**THE TASK**
Leave the pictures out and repeat the rest of the data below exactly.

**EXERCISE DATA**
——————————
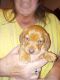 Dachshund Puppies for sale in Nebraska St, David City, NE 68632, USA. price: NA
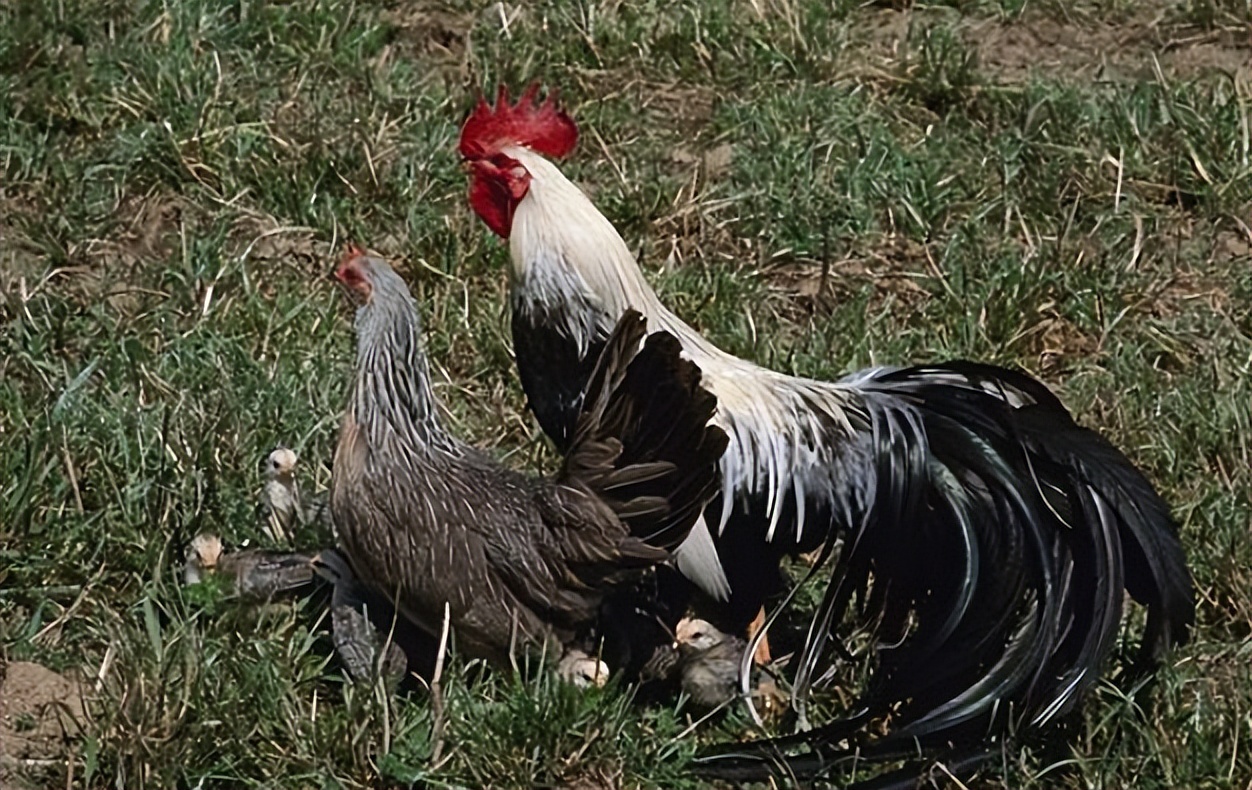 最新实用养鸡技术,30秒学会养鸡秘方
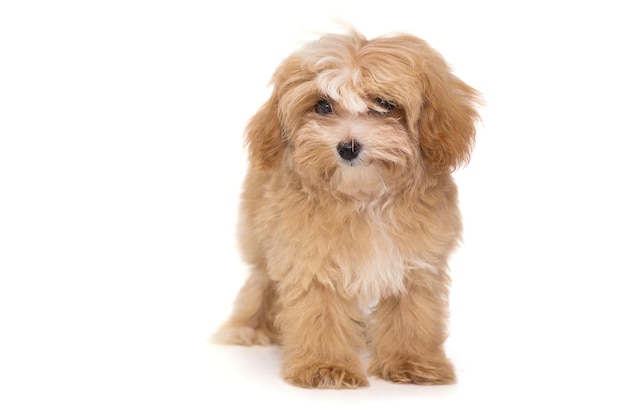 Kleiner Welpen-Maltipoo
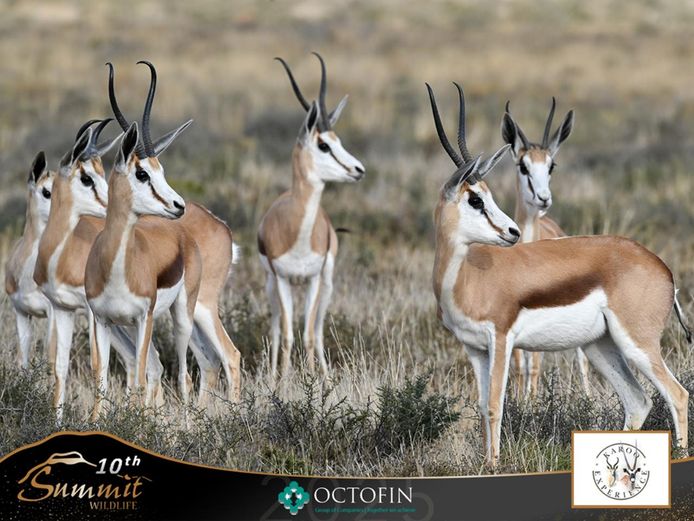 12"+ Springbok Ewes running with 19-20"+ Rams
——————————
**RESPONSE TO THE EXERCISE**
 Dachshund Puppies for sale in Nebraska St, David City, NE 68632, USA. price: NA
 最新实用养鸡技术,30秒学会养鸡秘方
 Kleiner Welpen-Maltipoo
 12"+ Springbok Ewes running with 19-20"+ Rams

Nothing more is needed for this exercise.